The Third Book opens with an account of the Ethiopians on the upper Nile, then describes the working of the gold mines on the border between Egypt and Ethiopia, and includes a long discussion of the Red Sea and the peoples dwelling about it, with some mention of the tribes along the shores of the Indian Ocean and the Persian Gulf. Much of this material was drawn from the geographer Agatharchides of Cnidus, whose work, On the Red Sea, is preserved to us in the excerpts of Photius. This work of Agatharchides, composed in the latter part of the second century B.C., embraced five Books and is on the whole a sober and fairly trustworthy discussion of that region; much of it was certainly based upon the stories and accounts of travellers in these parts and on personal observation. With chapter 49 Diodorus turns to Libya and embarks upon the myths of the Libyans about the Gorgons and Amazons, this subject serving to lead him over into Greek mythology, which is the theme of the entire Fourth Book.

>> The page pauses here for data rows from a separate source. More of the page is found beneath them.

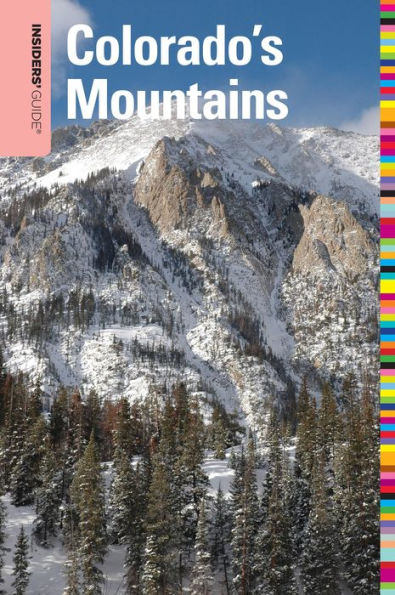 Insiders' Guide® to Colorado's Mountains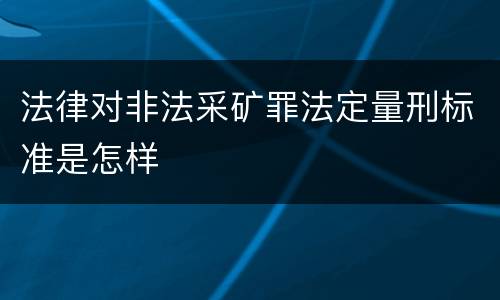 法律对非法采矿罪法定量刑标准是怎样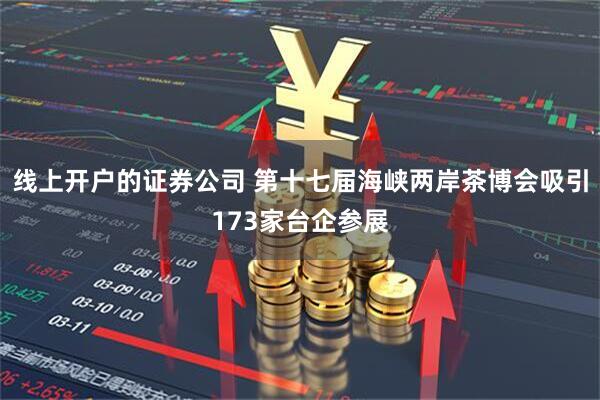 线上开户的证券公司 第十七届海峡两岸茶博会吸引173家台企参展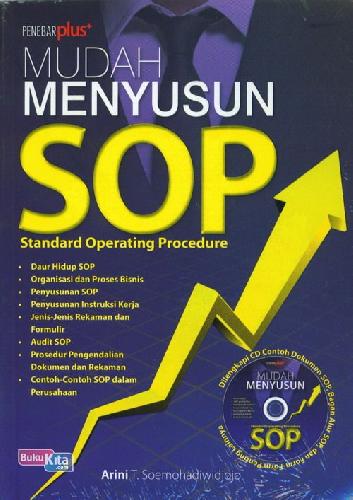 Mudah Menyusun SOP :  Standard Operating Procedure
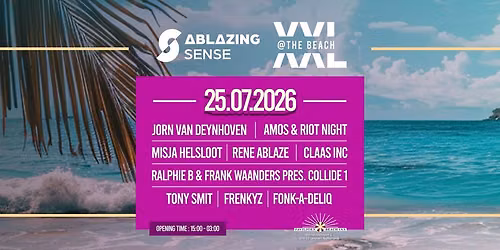 Ablazing Sense @ The Beach XXL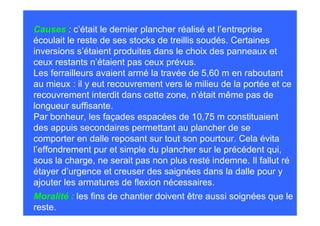 Causes : c’était le dernier plancher réalisé et l’entreprise
écoulait le reste de ses stocks de treillis soudés. Certaines
inversions s’étaient produites dans le choix des panneaux et
ceux restants n’étaient pas ceux prévus.
Les ferrailleurs avaient armé la travée de 5,60 m en raboutant
au mieux : il y eut recouvrement vers le milieu de la portée et ce
recouvrement interdit dans cette zone, n’était même pas de
longueur suffisante.
Par bonheur, les façades espacées de 10,75 m constituaient
des appuis secondaires permettant au plancher de se
comporter en dalle reposant sur tout son pourtour. Cela évita
l’effondrement pur et simple du plancher sur le précédent qui,
sous la charge, ne serait pas non plus resté indemne. Il fallut ré
étayer d’urgence et creuser des saignées dans la dalle pour y
ajouter les armatures de flexion nécessaires.
Moralité : les fins de chantier doivent être aussi soignées que le
reste.
 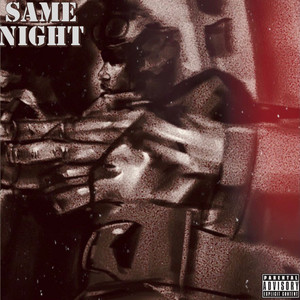 Same Night (Explicit)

Since, as Diodorus tells us, Ephorus, and Callisthenes and Theopompus, contemporaries of Ephorus, had not included the myths in their histories,  p. ix Diodorus opens the Fourth Book with a defence of his exposition of Greek mythology. The gods were once kings and heroes who have been deified because of the great benefits which they conferred upon mankind; they have been the object of veneration by men of old and we "should not fail to cherish and maintain for the gods the pious devotion which has been handed down to us from our fathers" (ch. 8.5); if their deeds appear superhuman it is because they are measured by the weakness of the men of Diodorus' day. Much of this material was drawn directly from Dionysius of Mitylene who lived in Alexandria in the second century B.C. and composed, doubtless with the aid of the library in that city and certainly with considerable indulgence in the romantic, his Kyklos, a kind of encyclopaedia of mythology, which included accounts of the Argonauts, Dionysus, the Amazons, events connected with the Trojan War, and all this he described with such devotion and assiduity that he was given the nickname Skytobrachion ("of the leathern arm"). It is generally held that for his account of Heracles Diodorus took generously from a Praise of Heracles by Matris of Thebes,​2 who is otherwise unknown and composed his encomium with vigorous rhetorical flourishes, taking care to mention every maiden ravished by Heracles and her child, in order to establish Heraclean ancestry for the numerous families in the Greek world which raised such a claim. But here and there, when he touched the western Mediterranean, Diodorus used Timaeus of Tauromenium, who, an exile in Athens for the best  p. x fifty years of his life, completed, not long before his death about 250 B.C. and almost altogether from literary sources, a history of Sicily and the western Mediterranean in thirty-eight Books. Any attempt to continue further the quest for the sources of Diodorus in this section of his work must run into the sands.


The Loeb Editor's Notes:

1 On Megasthenes see now B. C. J. Timmer, Megasthenes en de Indische Maatschappij, Amsterdam, 1930.

2 Cp. E. Holzer, Matris, ein Beitrag zur Quellenkritik Diodors, Program Tübingen, 1881.